Liz revealed the truth about her newly forged relationship with Katarina to Dom, in his comatose state. People in a coma are sometimes able to hear and remember things happening around them. Could that come back to bite Liz?

Eisendrath: The short answer is no, but along those lines Dom will have a huge part to play in the resolution of the family drama going forward between Red and Liz and Katarina.

Without a body, is the Townsend Directive still in effect, or has that been called off?

Bokenkamp: The Townsend Directive is fulfilled at least for now as Red is concerned. As far as Red is concerned, he just witnessed her death. Katarina Rostova is dead and he can go back to business as usual. You do bring up an interesting point, which is does the Townsend Directive believe it has been fulfilled? The hunt for Katarina Rostova is something that is obviously not over and it’s looming over her as a threat. Is it fulfilled? I think we have to tune in to see how that plays out.

What does Red want for Katarina? He made a motion to help her before she was gunned down, so does he want her dead?

Bokenkamp: Both those characters are far more complex than just the bad guys. We’ve seen from her, this incredibly emotional side. She’s obviously been betrayed and wronged and she is working for some form of justice.
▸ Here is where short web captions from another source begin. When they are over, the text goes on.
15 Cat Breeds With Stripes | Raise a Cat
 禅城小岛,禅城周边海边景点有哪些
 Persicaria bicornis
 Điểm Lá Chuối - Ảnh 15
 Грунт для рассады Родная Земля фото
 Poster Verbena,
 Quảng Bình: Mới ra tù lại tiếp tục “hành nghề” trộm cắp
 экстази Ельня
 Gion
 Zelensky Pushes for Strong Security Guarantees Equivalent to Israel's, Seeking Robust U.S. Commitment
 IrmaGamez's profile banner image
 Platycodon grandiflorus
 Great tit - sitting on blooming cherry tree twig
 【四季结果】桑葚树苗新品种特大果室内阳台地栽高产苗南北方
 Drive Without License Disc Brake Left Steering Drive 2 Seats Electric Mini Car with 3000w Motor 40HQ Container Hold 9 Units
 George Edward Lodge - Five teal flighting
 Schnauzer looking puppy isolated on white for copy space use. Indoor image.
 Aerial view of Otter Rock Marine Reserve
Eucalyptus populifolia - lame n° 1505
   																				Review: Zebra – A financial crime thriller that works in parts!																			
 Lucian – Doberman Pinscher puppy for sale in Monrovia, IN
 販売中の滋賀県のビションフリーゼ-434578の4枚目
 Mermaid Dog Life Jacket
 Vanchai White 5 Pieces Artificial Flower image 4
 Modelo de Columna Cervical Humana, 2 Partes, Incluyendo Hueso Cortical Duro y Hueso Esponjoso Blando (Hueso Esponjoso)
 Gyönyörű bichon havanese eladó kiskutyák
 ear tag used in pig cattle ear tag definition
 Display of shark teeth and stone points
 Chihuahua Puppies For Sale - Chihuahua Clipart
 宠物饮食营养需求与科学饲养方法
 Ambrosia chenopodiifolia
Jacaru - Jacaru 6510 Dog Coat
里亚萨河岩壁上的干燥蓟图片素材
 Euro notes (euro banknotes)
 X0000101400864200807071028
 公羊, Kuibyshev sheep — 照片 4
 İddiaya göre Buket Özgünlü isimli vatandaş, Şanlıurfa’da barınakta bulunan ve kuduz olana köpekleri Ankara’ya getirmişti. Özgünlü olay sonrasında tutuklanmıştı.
It’s the same for Red: When we’ve seen them this season, even at the end of last season, there is an intimacy. There’s a deep history there and so I don’t know that he wants her dead. Yet it might’ve helped him dramatically if she were dead. Does he want to go out and pull the trigger? I don’t know that it’s that easy for him.

Eisendrath: He wants to protect certain things from everyone and to the extent that she’s looking for those things, she is a threat. At the same time he knows that anything he does to harm Katarina would put him in a terrible position with Liz. It’s just like in the old days when the same was true for Tom [Ryan Eggold]. Red had a lot of reasons to detest Tom and to want to kill Tom. But he knew that if he did that, Liz would never forgive him. It’s sort of the same situation here. So what he wants and what he knows he’s capable of doing are two different things.

Katarina’s words at the end of the episode were, “We will end this.” When the truth finally emerges is that the end of the series, or is there a show beyond this mystery you’ve been building towards for seven seasons?

Eisendrath: We started the show seven years ago with one story that we knew we wanted to tell and we’re very happy about the fact that we’ve been given the chance to tell it over all these years, which is extraordinarily rare. When we end it, certainly whatever the show has always been, we’ll end with that. Right? That’s the end of the show as it’s always been constructed, so after that it would certainly be a different show.

The first half of the season was about family drama, does the second half continue with that theme?

Eisendrath: Katarina is the singular antagonist for the entire season. She’s been a ghost for six years and now here in the seventh year with her, she’s finally present and accounted for. So she is the sort of central character around whom a lot of the big moves of the mythology are based in the first and second half. So it is a continuation of the family drama, but now in a way where, you know, everybody knows who everybody is.

“The Blacklist” returns in March to NBC.